Healthcare in Malaysia


Population: 30 million
Life expectancy:
71.5 (male) 77.2 (women)
Hospital beds:
1.8 beds for every 1,000 people
1.2 doctors for every 1,000 people

Malaysia has a very high standard of healthcare, providing one of the best medical services in Asia. In fact, over the last decade the Malaysian government has been investing a lot of money in improving access and the quality of healthcare for all citizens.

Malaysia provides universal access to all residents and is divided into the government-run public sector and a private healthcare system. Healthcare standards are very high in both, with well equipped modern facilities and highly trained physicians that mainly speak English. However, a shortage of doctors in the public system has led to long waiting times, causing the large majority of expats to opt for private care.

Malaysia’s thriving healthcare sector has led to an increase in medical tourism over the last few years, with patients from neighbouring countries attracted by the short travel times, the wide range of services, reasonable costs, and cultural compatibility in terms of religion, language and food.

All foreign workers in Malaysia must buy a basic health insurance plan which covers them for a fixed amount of treatment in state hospitals each year. Most of Malaysia's doctors in private hospitals expect immediate payment for services, with many requiring cash deposits or evidence of appropriate insurance.

Bear in mind

For expats looking to live and work in Malaysia, there are some things to bear in mind. Firstly, like anywhere, there are several health risks to consider. The CDC indicates that you can contract hepatitis A through the food or water in Malaysia, independent of where you stay or what you eat. In addition, it’s also recommended that you get a hepatitis B vaccine if you might have sex with a new partner, if you are planning on getting a tattoo or piercing, or are undergoing medical treatment in Malaysia.

The country is also susceptible to natural disasters; primarily flooding which causes significant losses every year during the monsoon season (April-October). Landslides due to heavy rain and deforestation are also a problem, particularly in the north east of the country. During the months of June-October there are high levels of air pollution in Malaysia. Kuala Lumpur has the worst air quality in Malaysia due to vehicle and industrial emissions.

Before you go

Before moving to Malaysia, proof of a yellow fever vaccination is required for foreigners over 1 year of age who are travelling from countries with a high risk of yellow fever transmission, or for travellers who have spent over 12 hours of transit in an airport of a high risk country.

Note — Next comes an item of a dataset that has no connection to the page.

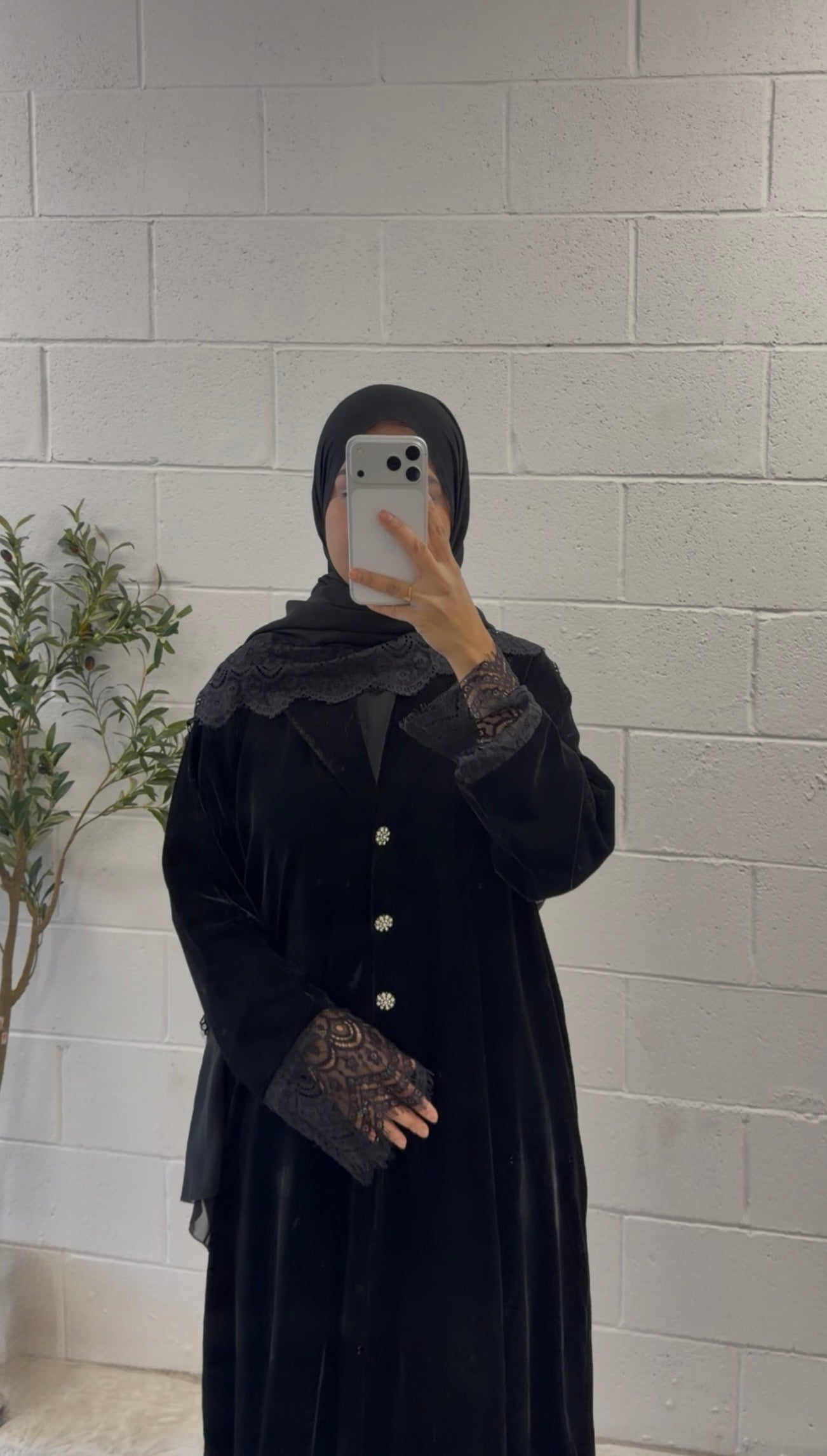 Leena-Velvet-Button-Blazer Abaya Set-Black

You should also see your doctor six to eight weeks before your departure date, to ensure you’re up to date with routine vaccinations, including:
measles-mumps-rubella (MMR)
varicella (chickenpox)

Additional vaccinations and medicines may be necessary depending on the duration of your stay, what you will be doing, and which country you are coming from.

Dental and medicine

Once you’ve made your move, you’ll be pleased to hear that accessing dental care and medicine is quite straightforward. Dental care standards are high in Malaysia and, due to the comparably cheap prices, many foreigners opt for low cost dental treatment in Malaysia. There is currently no health insurance in place with regards to dental care. However, under the public system, dental care is largely subsidised by the government and some groups are exempt from paying any costs at all, including children, civil servants and economically disadvantaged people.

In addition, pharmacies are of a high standard, readily available and accessible for all the general public – including expats – in Malaysia. With a letter from your doctor, you can buy most prescribed  medicines from a Malaysian pharmacist. Do bear in mind that restrictions do exist and you can’t purchase more than a three months supply at one time.